**What you will do:** Write out the line with "ポケット デザイン ワイドパンツ 00220" and every later line through the end of the data below, exactly as given, with no pictures in the copy.

**Collected data:**
:::::
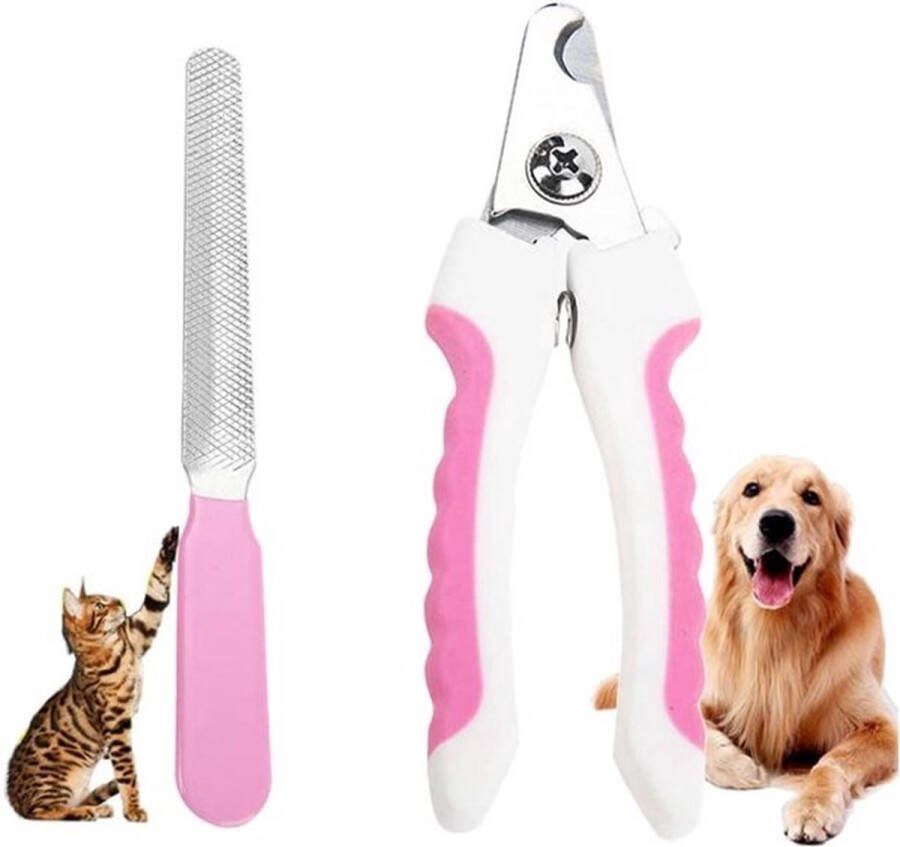 Jumada 's Professionele Nagelschaar Vijl Knipper voor Honden en Katen Tang voor Konijnen Cavia's en andere Dieren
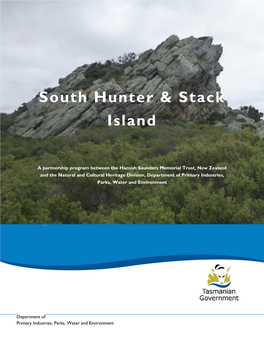 Hamish Saunders Memorial Trust Survey Report
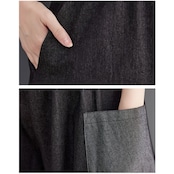 ポケット デザイン ワイドパンツ 00220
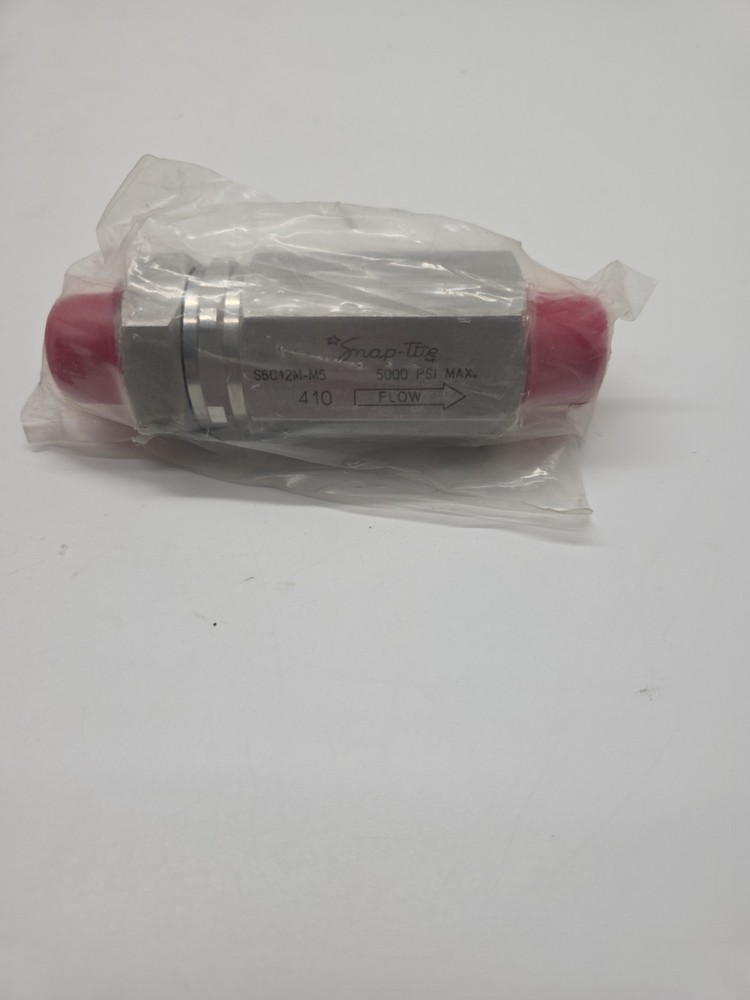 Snap-Tite S6C12M-M5 Snap-Tite Soft Seat In-Line Check Valve S6C12MM5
:::::
**Answer:**
 ポケット デザイン ワイドパンツ 00220
 Snap-Tite S6C12M-M5 Snap-Tite Soft Seat In-Line Check Valve S6C12MM5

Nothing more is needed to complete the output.